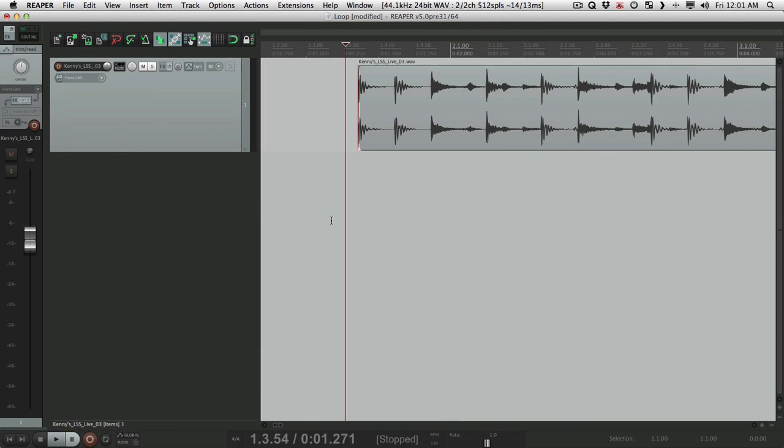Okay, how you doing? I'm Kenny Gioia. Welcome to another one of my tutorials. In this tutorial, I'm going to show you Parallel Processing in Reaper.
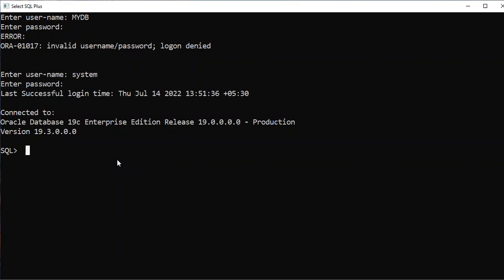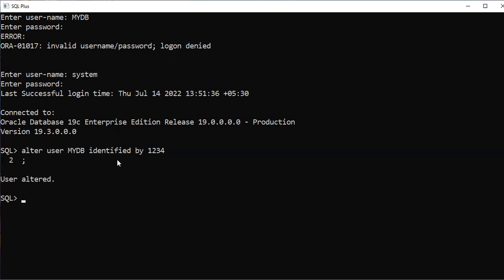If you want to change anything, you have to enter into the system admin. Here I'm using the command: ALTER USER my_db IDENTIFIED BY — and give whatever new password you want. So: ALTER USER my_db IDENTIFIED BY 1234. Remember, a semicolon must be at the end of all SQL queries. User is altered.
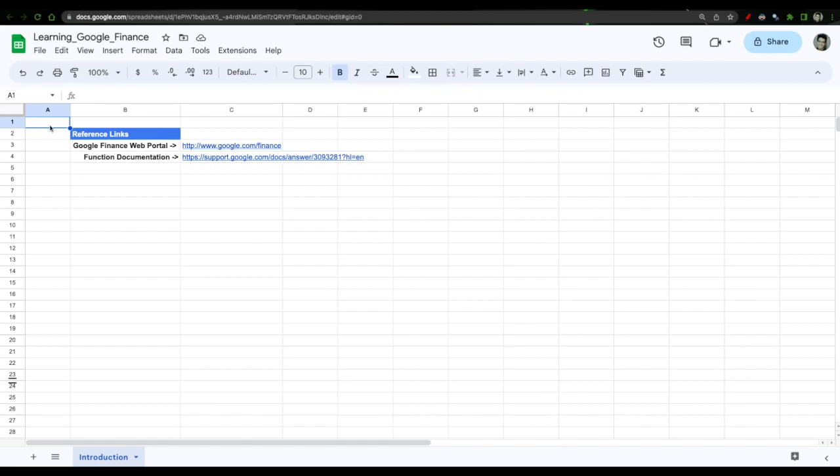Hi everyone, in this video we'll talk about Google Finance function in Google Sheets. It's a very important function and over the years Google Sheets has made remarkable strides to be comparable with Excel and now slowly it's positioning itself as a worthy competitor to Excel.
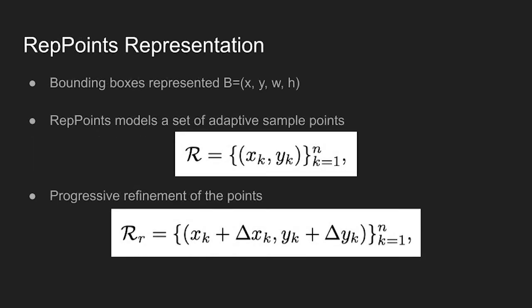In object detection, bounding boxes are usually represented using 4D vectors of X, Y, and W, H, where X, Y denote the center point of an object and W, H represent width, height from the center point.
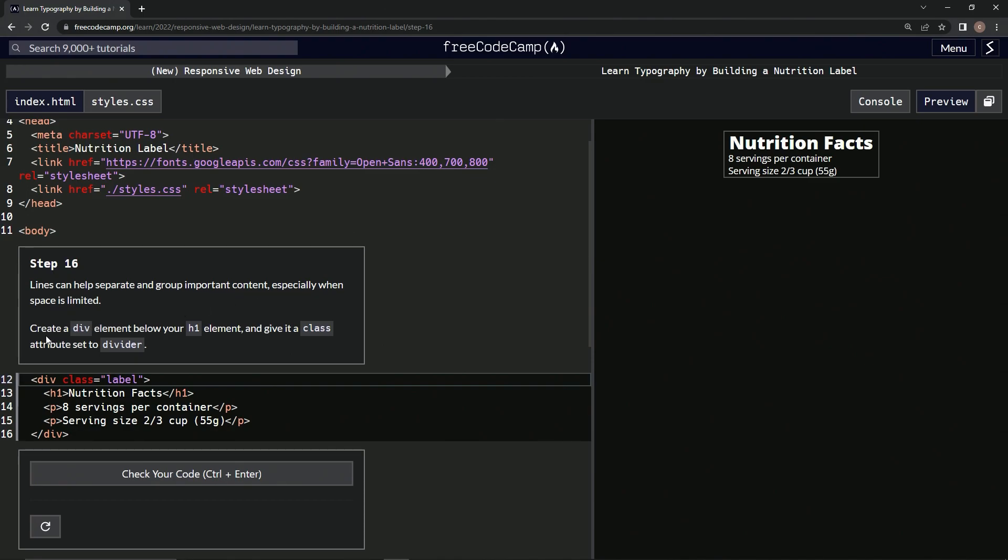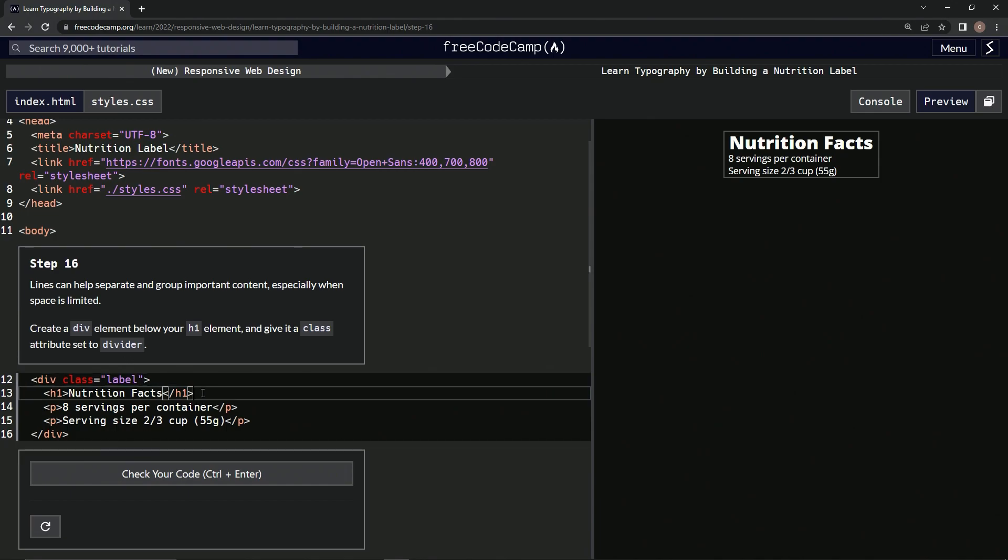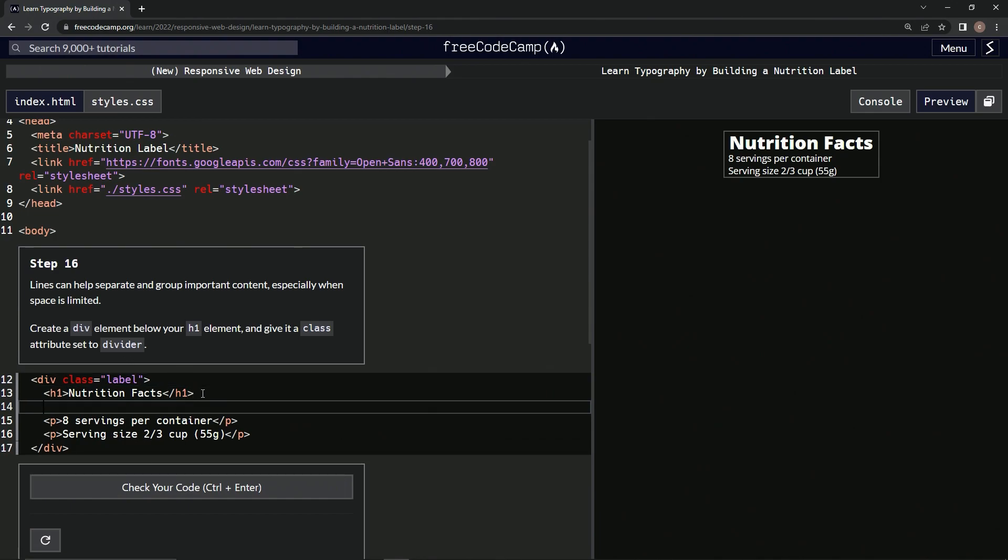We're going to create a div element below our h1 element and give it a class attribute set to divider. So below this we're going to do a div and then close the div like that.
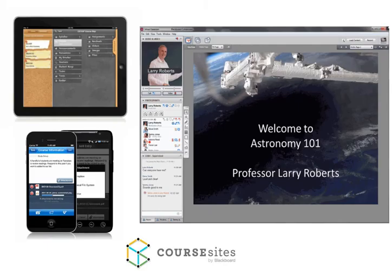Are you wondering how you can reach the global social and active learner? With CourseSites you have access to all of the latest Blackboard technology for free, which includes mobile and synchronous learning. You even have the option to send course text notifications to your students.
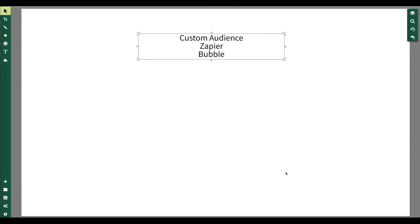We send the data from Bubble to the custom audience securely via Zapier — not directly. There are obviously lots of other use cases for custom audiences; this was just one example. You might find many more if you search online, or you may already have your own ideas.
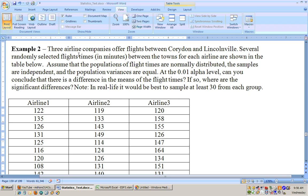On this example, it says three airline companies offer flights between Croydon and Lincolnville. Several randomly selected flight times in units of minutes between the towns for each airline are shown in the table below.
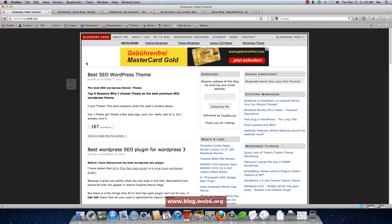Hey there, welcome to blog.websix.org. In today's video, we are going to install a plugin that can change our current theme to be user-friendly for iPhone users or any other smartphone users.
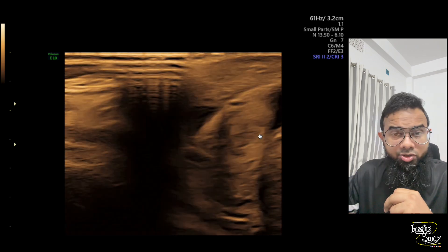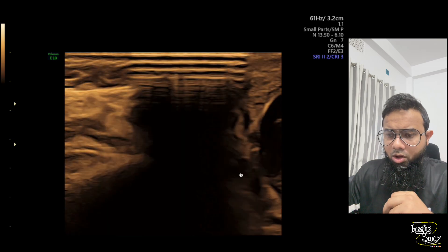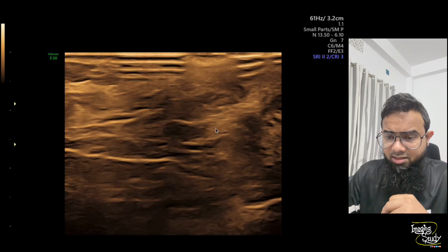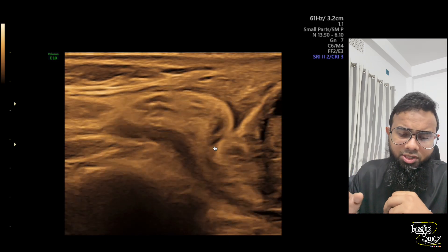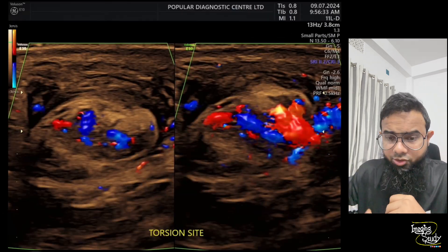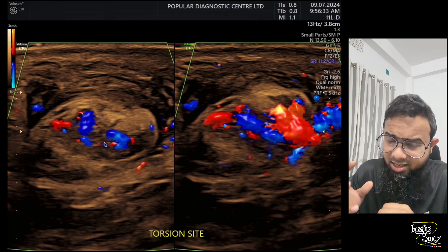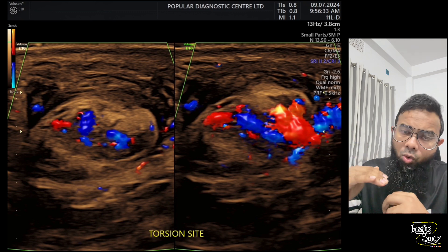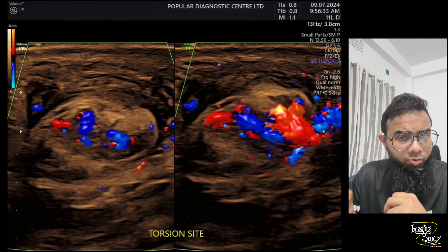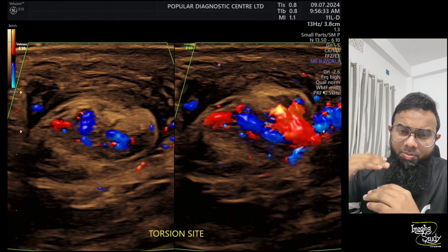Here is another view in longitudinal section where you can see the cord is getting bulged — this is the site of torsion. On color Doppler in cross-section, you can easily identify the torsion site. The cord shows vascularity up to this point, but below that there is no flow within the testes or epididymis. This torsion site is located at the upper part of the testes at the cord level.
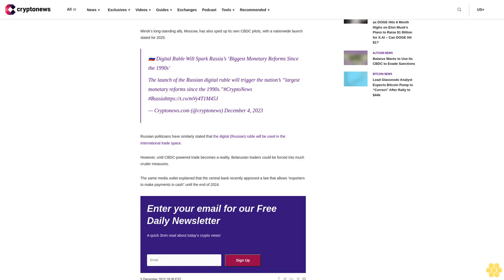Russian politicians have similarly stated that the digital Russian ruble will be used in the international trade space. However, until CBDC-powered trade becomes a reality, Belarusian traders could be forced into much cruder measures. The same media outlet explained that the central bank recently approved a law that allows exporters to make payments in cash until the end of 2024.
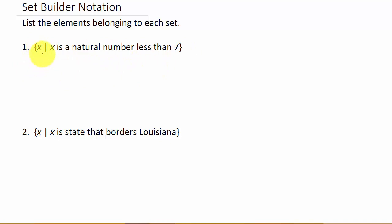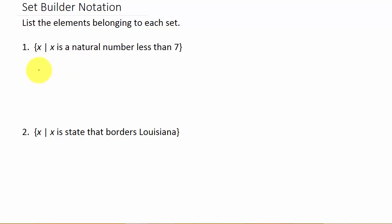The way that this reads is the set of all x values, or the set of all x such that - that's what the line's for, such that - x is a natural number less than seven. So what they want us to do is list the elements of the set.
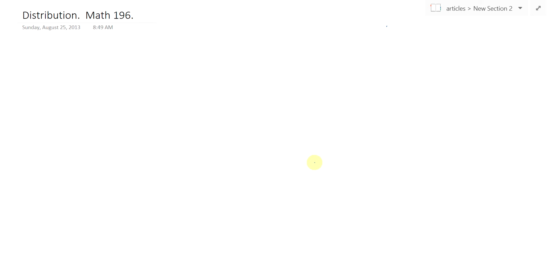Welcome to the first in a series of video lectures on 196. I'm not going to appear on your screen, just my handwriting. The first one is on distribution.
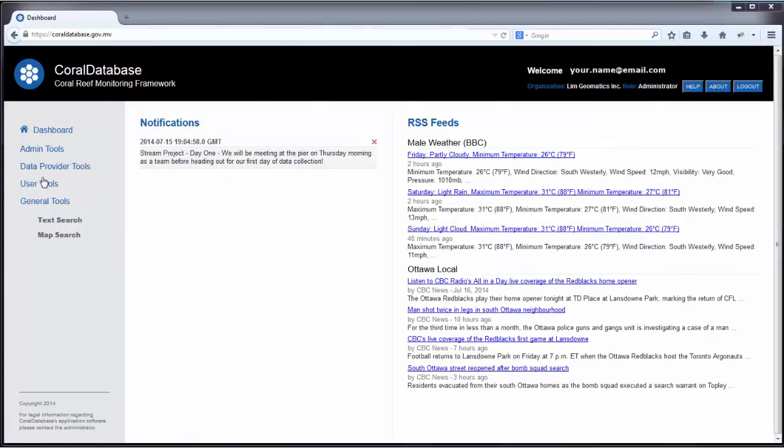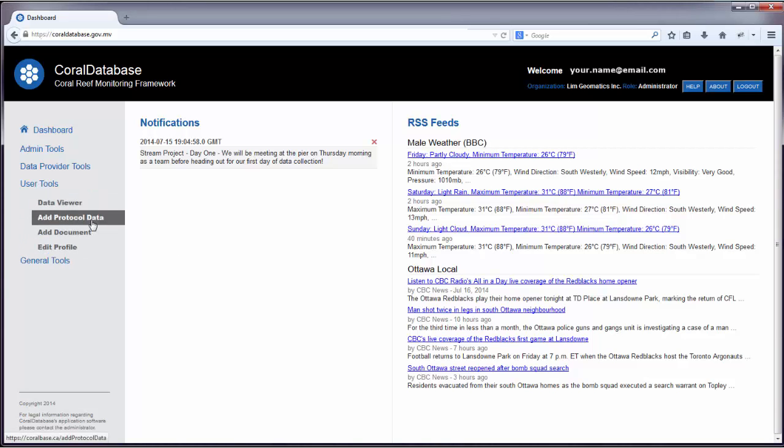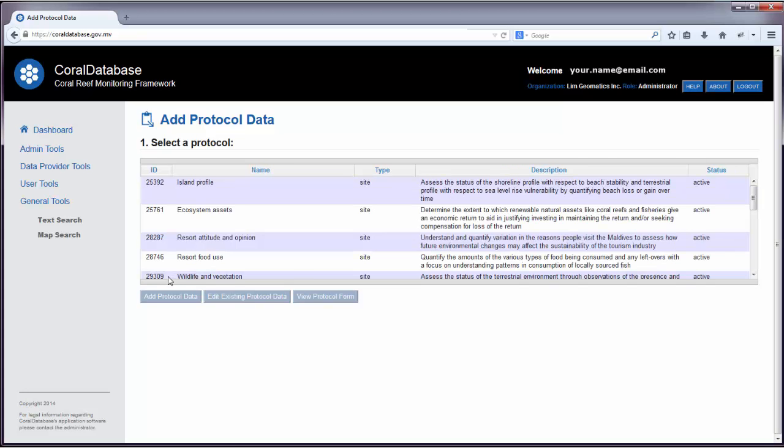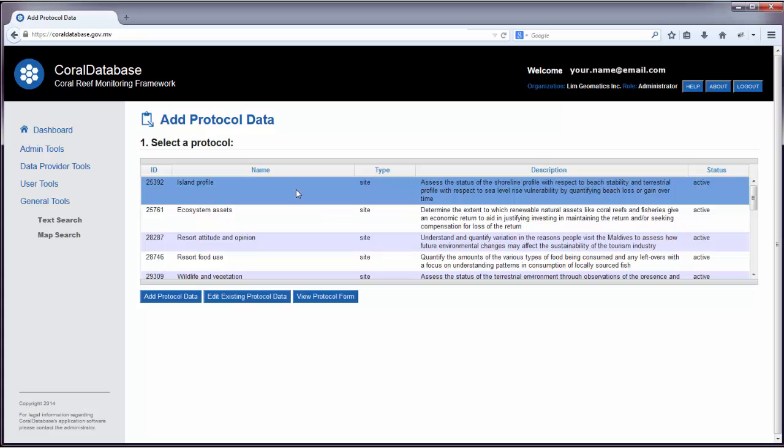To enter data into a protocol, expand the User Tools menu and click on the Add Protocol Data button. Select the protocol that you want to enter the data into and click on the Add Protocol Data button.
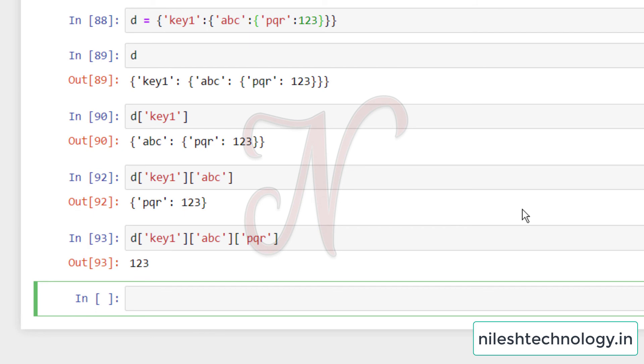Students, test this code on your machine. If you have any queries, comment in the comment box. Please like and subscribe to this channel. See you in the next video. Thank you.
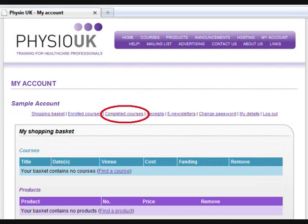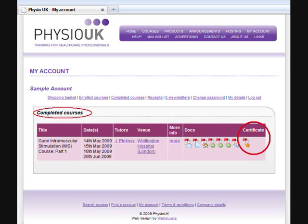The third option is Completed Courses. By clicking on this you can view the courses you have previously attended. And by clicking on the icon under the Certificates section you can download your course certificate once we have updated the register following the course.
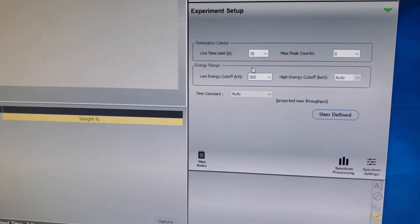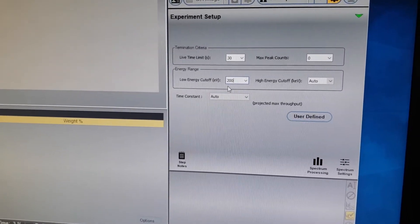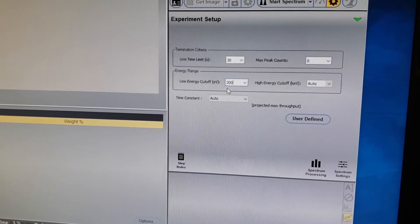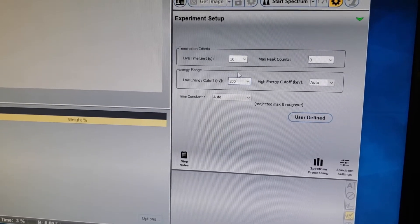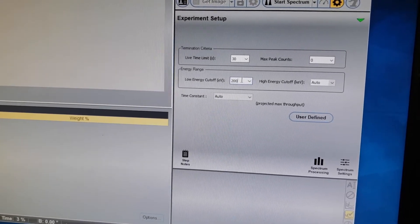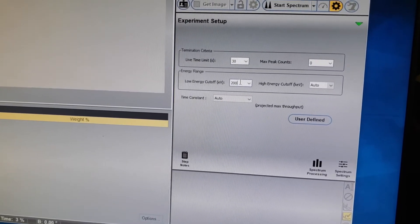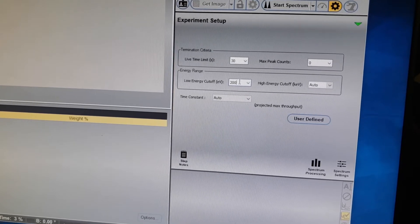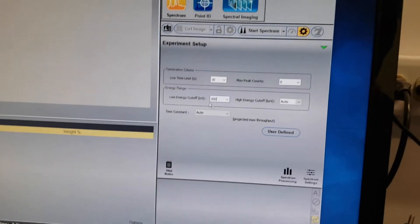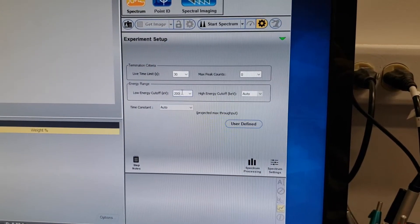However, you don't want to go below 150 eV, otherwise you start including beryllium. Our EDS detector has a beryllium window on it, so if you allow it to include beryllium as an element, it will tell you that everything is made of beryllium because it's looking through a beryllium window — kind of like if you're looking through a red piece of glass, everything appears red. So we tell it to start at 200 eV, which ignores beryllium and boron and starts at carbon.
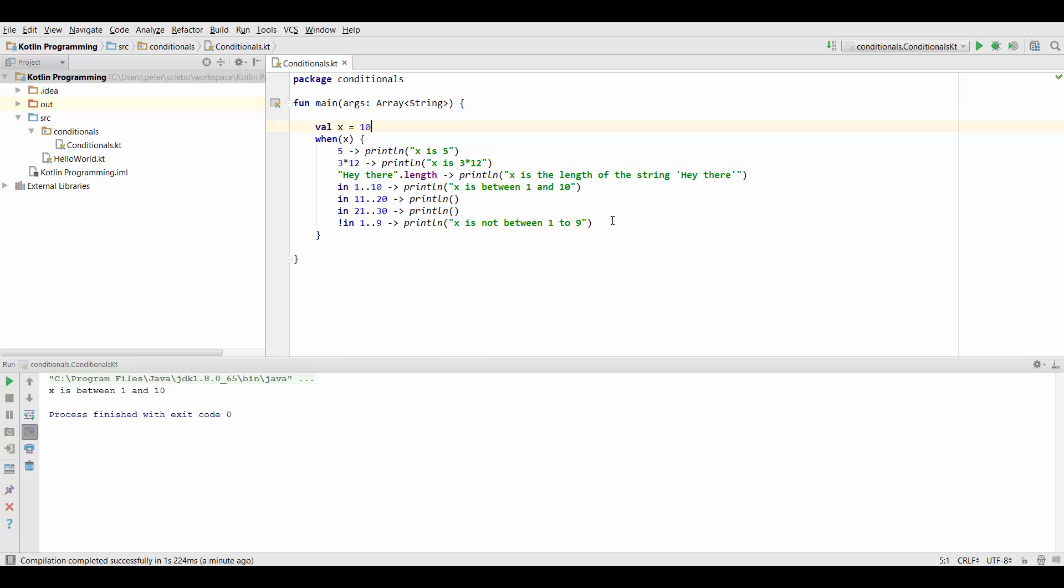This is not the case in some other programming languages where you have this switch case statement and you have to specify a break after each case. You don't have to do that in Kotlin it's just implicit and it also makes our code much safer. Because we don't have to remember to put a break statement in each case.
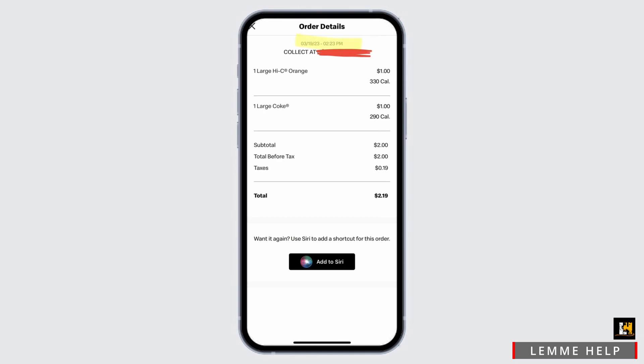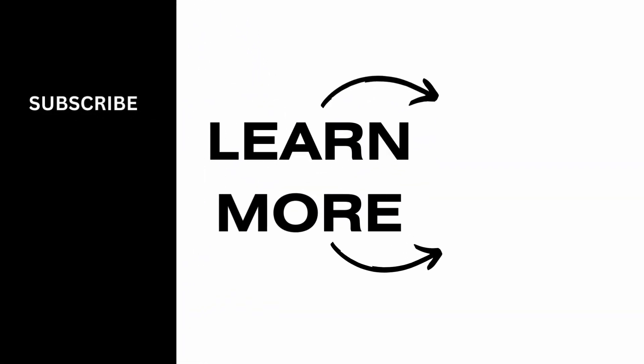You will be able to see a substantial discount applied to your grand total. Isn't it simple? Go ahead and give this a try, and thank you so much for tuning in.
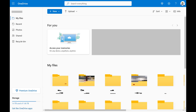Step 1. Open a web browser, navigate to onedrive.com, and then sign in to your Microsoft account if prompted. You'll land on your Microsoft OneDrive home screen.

EXERCISE DESCRIPTION: Please output the data above exactly as given, omitting every picture.

TASK OUTPUT:
Okay, how you doing? I'm Kenny Gioia. Welcome to another one of my tutorials. In this tutorial, I'm going to show you Parallel Processing in Reaper.
If you want to change anything, you have to enter into the system admin. Here I'm using the command: ALTER USER my_db IDENTIFIED BY — and give whatever new password you want. So: ALTER USER my_db IDENTIFIED BY 1234. Remember, a semicolon must be at the end of all SQL queries. User is altered.
Hi everyone, in this video we'll talk about Google Finance function in Google Sheets. It's a very important function and over the years Google Sheets has made remarkable strides to be comparable with Excel and now slowly it's positioning itself as a worthy competitor to Excel.
In object detection, bounding boxes are usually represented using 4D vectors of X, Y, and W, H, where X, Y denote the center point of an object and W, H represent width, height from the center point.
We're going to create a div element below our h1 element and give it a class attribute set to divider. So below this we're going to do a div and then close the div like that.
Are you wondering how you can reach the global social and active learner? With CourseSites you have access to all of the latest Blackboard technology for free, which includes mobile and synchronous learning. You even have the option to send course text notifications to your students.
We send the data from Bubble to the custom audience securely via Zapier — not directly. There are obviously lots of other use cases for custom audiences; this was just one example. You might find many more if you search online, or you may already have your own ideas.
On this example, it says three airline companies offer flights between Croydon and Lincolnville. Several randomly selected flight times in units of minutes between the towns for each airline are shown in the table below.
Hey there, welcome to blog.websix.org. In today's video, we are going to install a plugin that can change our current theme to be user-friendly for iPhone users or any other smartphone users.
Here is another view in longitudinal section where you can see the cord is getting bulged — this is the site of torsion. On color Doppler in cross-section, you can easily identify the torsion site. The cord shows vascularity up to this point, but below that there is no flow within the testes or epididymis. This torsion site is located at the upper part of the testes at the cord level.
Russian politicians have similarly stated that the digital Russian ruble will be used in the international trade space. However, until CBDC-powered trade becomes a reality, Belarusian traders could be forced into much cruder measures. The same media outlet explained that the central bank recently approved a law that allows exporters to make payments in cash until the end of 2024.
The way that this reads is the set of all x values, or the set of all x such that - that's what the line's for, such that - x is a natural number less than seven. So what they want us to do is list the elements of the set.
Welcome to the first in a series of video lectures on 196. I'm not going to appear on your screen, just my handwriting. The first one is on distribution.
To enter data into a protocol, expand the User Tools menu and click on the Add Protocol Data button. Select the protocol that you want to enter the data into and click on the Add Protocol Data button.
Students, test this code on your machine. If you have any queries, comment in the comment box. Please like and subscribe to this channel. See you in the next video. Thank you.
The third option is Completed Courses. By clicking on this you can view the courses you have previously attended. And by clicking on the icon under the Certificates section you can download your course certificate once we have updated the register following the course.
However, you don't want to go below 150 eV, otherwise you start including beryllium. Our EDS detector has a beryllium window on it, so if you allow it to include beryllium as an element, it will tell you that everything is made of beryllium because it's looking through a beryllium window — kind of like if you're looking through a red piece of glass, everything appears red. So we tell it to start at 200 eV, which ignores beryllium and boron and starts at carbon.
This is not the case in some other programming languages where you have this switch case statement and you have to specify a break after each case. You don't have to do that in Kotlin it's just implicit and it also makes our code much safer. Because we don't have to remember to put a break statement in each case.
You will be able to see a substantial discount applied to your grand total. Isn't it simple? Go ahead and give this a try, and thank you so much for tuning in.
Step 1. Open a web browser, navigate to onedrive.com, and then sign in to your Microsoft account if prompted. You'll land on your Microsoft OneDrive home screen.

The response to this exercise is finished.